◆ Stored data
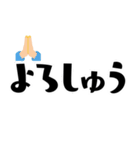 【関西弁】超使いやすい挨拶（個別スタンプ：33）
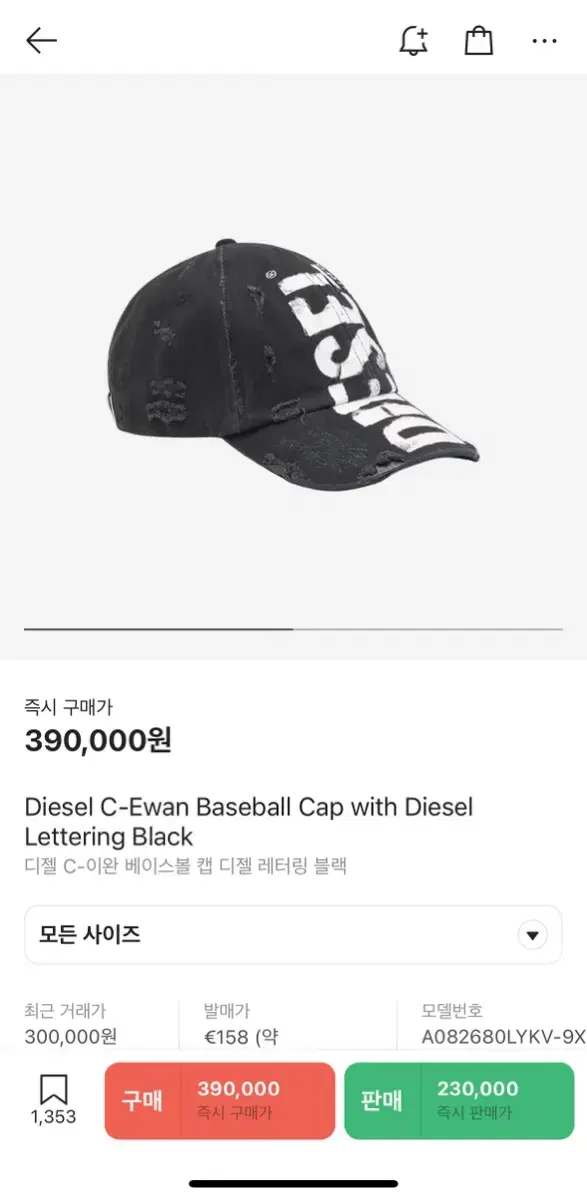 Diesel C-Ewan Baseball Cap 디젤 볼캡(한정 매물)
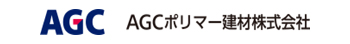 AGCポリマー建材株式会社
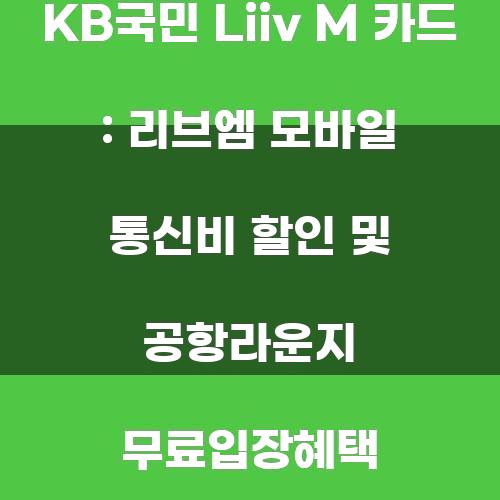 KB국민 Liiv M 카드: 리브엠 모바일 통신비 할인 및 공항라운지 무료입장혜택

◆ Exercise prompt
Your answer must be the full listing, copied exactly, with no pictures in it.

◆ Exercise result
 【関西弁】超使いやすい挨拶（個別スタンプ：33）
 Diesel C-Ewan Baseball Cap 디젤 볼캡(한정 매물)
 AGCポリマー建材株式会社
 KB국민 Liiv M 카드: 리브엠 모바일 통신비 할인 및 공항라운지 무료입장혜택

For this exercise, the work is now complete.